Elis, Trisno, dan semua orang yang mengenal Karent melayat ke pemakamannya.

Mereka melihat Karent untuk yang terakhir kali.

Elis mendekati Karent dan menggenggam tangannya sambil memberikan mutiara suci kepada Karent.

"Bawalah mutiara ini bersamamu, kakak." Elis lalu mencium pipi kakaknya untuk yang terakhir kali.

Elis mengambil obor yang ada di samping peti Karent, lalu menyalakan api dan mengarahkan ke peti.

Seketika peti itu di penuhi api yang besar, Elis menatap peti beserta kakaknya yang semakin lama semakin di makan kobaran api.

"Sampai jumpa lagi, kakak," Elis berpamitan pada Karent.

Tujuh Belas Tahun Kemudian di Kota Uneng...

BUG!

Seorang perempuan dengan kaki jenjangnya terjatuh, dirinya berlari terburu-buru.

"Kembali kau, Karin!" perintah seorang wanita yang umurnya terlihat setengah abad dari kejauhan.

Week!

Ejek wanita cantik itu sambil memakai sepatu dengan cepat.

Lalu dia menuju ke arah motor yang sudah terparkir di depan gerbang rumahnya.

"Karin, kembalikan uang ibu!" perintah ibunya yang sudah mendapat anak pertamanya bersiap untuk kabur menggunakan sepeda motornya.

"Enak saja! Ibu sudah tidak memberikan uang jajan selama sebulan. Hari ini aku mau jajan sepuasnya!" gadis yang bernama Karin itu melaju menggunakan motor kesayangannya.

Ibunya mengejar, namun terlambat.

"Dasar anak, kurang aj*r! Ambil uang orang seenaknya, semua ini gara-gara kau yang terlalu memanjakannya," ujarnya sembari menunjuk ke arah laki-laki yang umurnya sudah setengah abad juga.
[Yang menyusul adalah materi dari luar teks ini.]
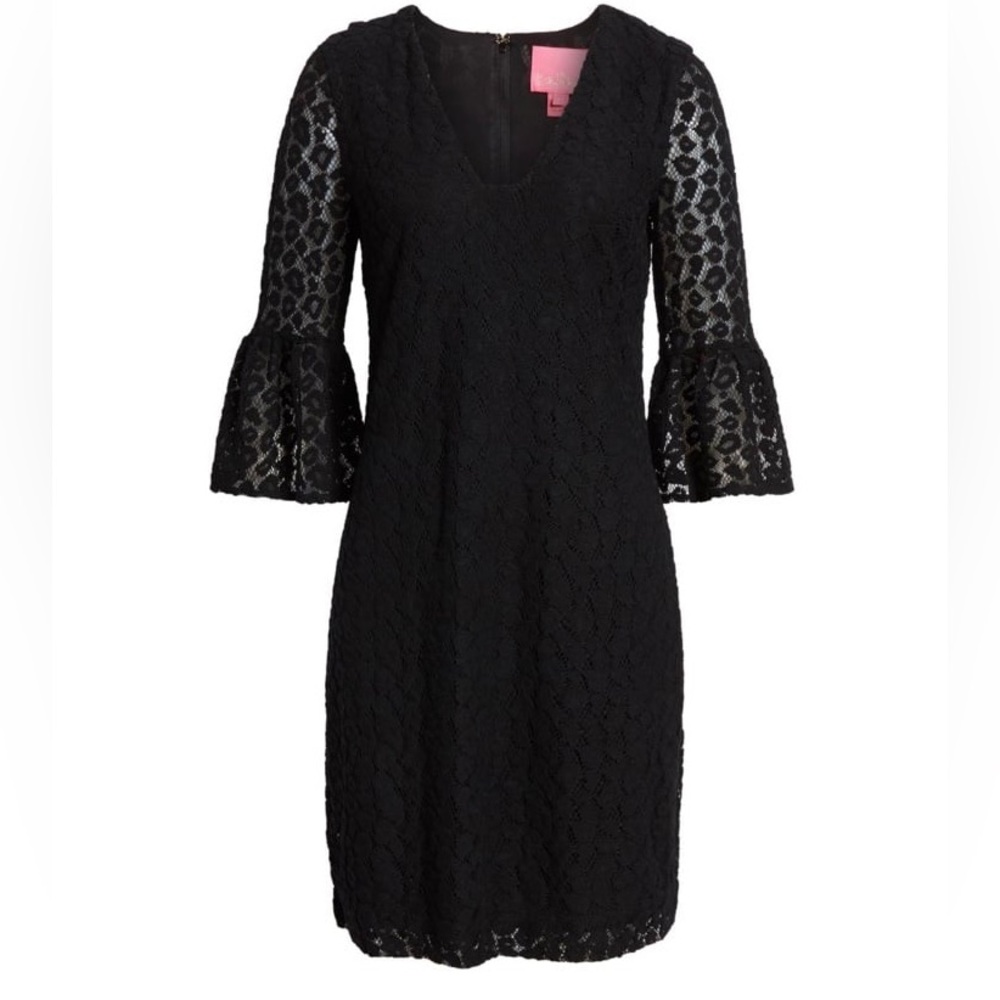 Lilly Pulitzer Jaclene Ruffle Dress In Onyx Leopard Knit. Size XXL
"Sudah lah! Kau sudah tidak memberikannya uang jajan. Apa salahnya jika sekarang dia mengambil uangnya," ucap lelaki separuh bayah yang jalannya menggunakan tongkat itu.

"Hah, seharusnya dulu aku mengajarinya lebih keras agar nantinya dia tidak jadi pembangkang, tapi karena kau juga ikut-ikutan membelanya terus jadinya seperti ini, punya anak yang bisanya hanya menghabiskan uang orang tuanya," umpat wanita tua yang diketahui namanya adalah Suri itu.

"Yah sudah, biar bagaimanapun dia anak kita, Suri!" tegas ayah Karin.

Wajah Suri nampak memerah karena emosi, lalu wanita itu melempar barang-barang.

Prang ... Klontang ... Crang ...

"Manjakan saja terus anak itu." Tegasnya sambil berlalu masuk ke dalam rumah.

Ayah Karin hanya bisa mengelus dada, karena memang ibu Karin memiliki emosi yang kuat.

Di perjalanan menuju sekolah...

Karin berkata, "Lumayan buat jajan nanti di sekolah."

Dia tidak memperhatikan jalan malah sibuk dengan uang yang baru saja dicurinya dari kamar ibunya.

Saat dia terus fokus pada uang itu tiba-tiba saja ada seekor serigala yang menghalangi jalannya.

Cit!

Dia mengerem mendadak.

Ia melihat seekor serigala yang bertubuh besar sekitar dua puluh kali lebih besar dari seekor anjing.

Dia panik, dan tubuhnya gemetaran, ingin rasanya meminta tolong namun lidahnya kelu.

Bodohnya Karin, dia melewati jalan sepi yang jarang orang lewati.

Dia jalan melewati hutan, entah kenapa dia melewati jalan itu, padahal dia takut jika harus melewati jalan itu sendirian.

Cring ...

Keluar cahaya dari mata serigala itu, cahayanya sungguh silau hingga Karin memicingkan mata, berusaha melindungi matanya dari sinar yang benar-benar silau.

"Apa-apaan ini!" Teriaknya dengan emosi sambil terus menutup mata.